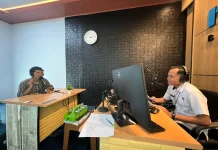 Konten Kreatif Penting untuk Tarik Minat Konsumen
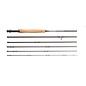 Orvis Clearwater Fly Rod
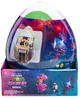 Ігровий набір Jakks Pacific Super Mario Galaxy Movie Yoshi Egg (432244) (192995432246) - зображення 2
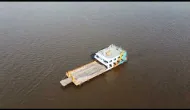Petrobras encontra petr�leo novo no Amazonas: o que significa?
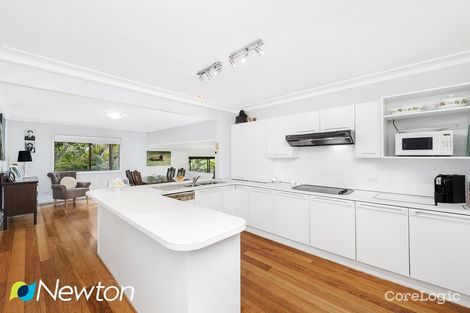 Property photo of 130 North West Arm Road Grays Point NSW 2232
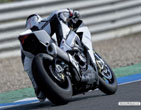 Aprilia_SRV4_R_APRC_2011_15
===============
§ **EXERCISE AIM**
Restate the listing above word for word. Leave the images out.

§ **OUTPUT OF THE TASK**
 Konten Kreatif Penting untuk Tarik Minat Konsumen
 Orvis Clearwater Fly Rod
 Ігровий набір Jakks Pacific Super Mario Galaxy Movie Yoshi Egg (432244) (192995432246) - зображення 2
Petrobras encontra petr�leo novo no Amazonas: o que significa?
 Property photo of 130 North West Arm Road Grays Point NSW 2232
 Aprilia_SRV4_R_APRC_2011_15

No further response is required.